=== RAW DATA ===
+ + + +
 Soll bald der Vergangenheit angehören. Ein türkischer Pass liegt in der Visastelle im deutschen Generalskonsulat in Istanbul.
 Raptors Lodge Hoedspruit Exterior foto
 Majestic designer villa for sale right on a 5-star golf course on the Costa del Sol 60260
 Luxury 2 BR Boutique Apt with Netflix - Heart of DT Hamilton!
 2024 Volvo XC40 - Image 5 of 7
+ + + +
=== EXERCISE OBJECTIVE ===
The line containing "Raptors Lodge Hoedspruit Exterior foto" opens the range, and the last line of the entries closes it; copy that range exactly.

=== THE COMPLETED TASK ===
 Raptors Lodge Hoedspruit Exterior foto
 Majestic designer villa for sale right on a 5-star golf course on the Costa del Sol 60260
 Luxury 2 BR Boutique Apt with Netflix - Heart of DT Hamilton!
 2024 Volvo XC40 - Image 5 of 7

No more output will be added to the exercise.